Megan Davies& Svea Herbst-Bayliss
A proposal by Barack Obama may force banks such as Citi to stop investing in hedge funds.
Wall Street Faces Pain From Obama Proposal
New York. If major banks give up private equity and hedge fund investments, their bottom lines could take a real hit because these investments are a key source of underwriting and advisory fees.
US President Barack Obama is calling for major banks to reduce their risk taking and investors in financial stocks are clearly alarmed. Goldman Sachs shares have fallen more than 7 percent since Wednesday, before the proposal was leaked, and JPMorgan Chase shares have fallen more than 9 percent.
Banks account for 5 percent of investors in US private equity funds by number and represent 9 percent of the capital invested, data from London research company Preqin show. The lion’s share of that number is capital managed on behalf of clients rather than invested from banks’ own balance sheets.
“For most of the investment banks, the main benefits of having private equity programs probably comes less from the extraordinary returns they’ve got and more from the fact it opened the door to getting clients from private equity groups,” said Josh Lerner, a Harvard Business School professor specializing in private equity.

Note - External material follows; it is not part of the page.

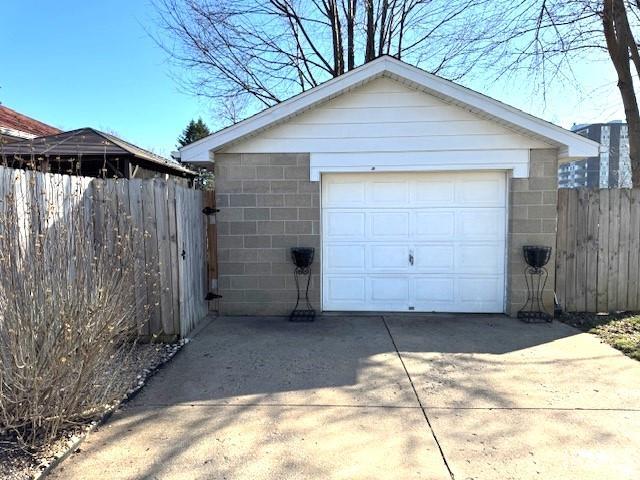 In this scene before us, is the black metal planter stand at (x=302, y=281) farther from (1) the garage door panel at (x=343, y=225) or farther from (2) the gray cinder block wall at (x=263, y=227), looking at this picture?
(1) the garage door panel at (x=343, y=225)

While banks are relatively small direct investors in hedge funds, representing 0.9 percent, for some big banks, their internal hedge funds and private equity investments provide crucial trading, underwriting, and advisory revenue.
Sanford Bernstein analyst Brad Hintz calculates that every $1 invested by a securities company into its own merchant banking fund, can add up to another 47 cents of transaction revenue and investment gains over time.

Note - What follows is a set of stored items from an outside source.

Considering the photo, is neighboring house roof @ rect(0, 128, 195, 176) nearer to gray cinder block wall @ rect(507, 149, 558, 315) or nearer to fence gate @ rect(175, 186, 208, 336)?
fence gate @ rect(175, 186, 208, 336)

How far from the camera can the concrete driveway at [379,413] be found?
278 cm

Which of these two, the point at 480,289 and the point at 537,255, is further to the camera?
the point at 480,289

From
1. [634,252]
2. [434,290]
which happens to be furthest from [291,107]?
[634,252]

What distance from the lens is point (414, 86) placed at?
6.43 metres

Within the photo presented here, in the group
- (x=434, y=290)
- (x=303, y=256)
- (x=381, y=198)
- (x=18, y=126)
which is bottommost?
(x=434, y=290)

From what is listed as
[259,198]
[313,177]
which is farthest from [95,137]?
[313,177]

The banks that would suffer most from such limitations are Goldman Sachs, Morgan Stanley, JPMorgan Chase and Bank of America, Hintz said.

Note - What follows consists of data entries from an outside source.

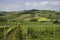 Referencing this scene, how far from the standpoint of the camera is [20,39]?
2595 centimetres

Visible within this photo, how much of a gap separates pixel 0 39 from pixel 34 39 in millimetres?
6127

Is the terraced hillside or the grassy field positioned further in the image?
the terraced hillside

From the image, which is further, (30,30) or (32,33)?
(30,30)

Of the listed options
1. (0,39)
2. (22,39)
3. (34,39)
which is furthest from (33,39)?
(0,39)

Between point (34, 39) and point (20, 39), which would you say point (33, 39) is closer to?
point (34, 39)

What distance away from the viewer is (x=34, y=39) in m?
27.1

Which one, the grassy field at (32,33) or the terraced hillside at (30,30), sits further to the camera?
the terraced hillside at (30,30)

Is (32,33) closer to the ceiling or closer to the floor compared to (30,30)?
closer to the ceiling

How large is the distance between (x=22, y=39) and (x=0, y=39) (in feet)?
13.9

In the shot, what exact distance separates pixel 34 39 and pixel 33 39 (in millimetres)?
192

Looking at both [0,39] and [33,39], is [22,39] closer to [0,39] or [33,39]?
[33,39]

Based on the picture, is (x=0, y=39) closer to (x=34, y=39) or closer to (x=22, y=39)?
(x=22, y=39)

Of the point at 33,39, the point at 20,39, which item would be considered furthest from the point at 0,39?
the point at 33,39

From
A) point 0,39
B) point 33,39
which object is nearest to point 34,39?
point 33,39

Overall, commercial banks could suffer the most from the proposals, Hintz said, assuming that the law ends up separating commercial banking businesses from investment banking ones.
“There’s a real concern for the commercial banks,” Hintz said.
Banks are likely to spin private equity businesses off to shareholders rather than trying to sell them off piecemeal, experts said.
“I think we’ll see controlled spin-outs rather than dumping assets,” said Lerner.
A Goldman Sachs spokeswoman declined to comment on the White House plan for banks and what it might mean for private equity and hedge fund units. A spokeswoman for JPMorgan Chase was not immediately available for comment. Morgan Stanley was not immediately available for comment.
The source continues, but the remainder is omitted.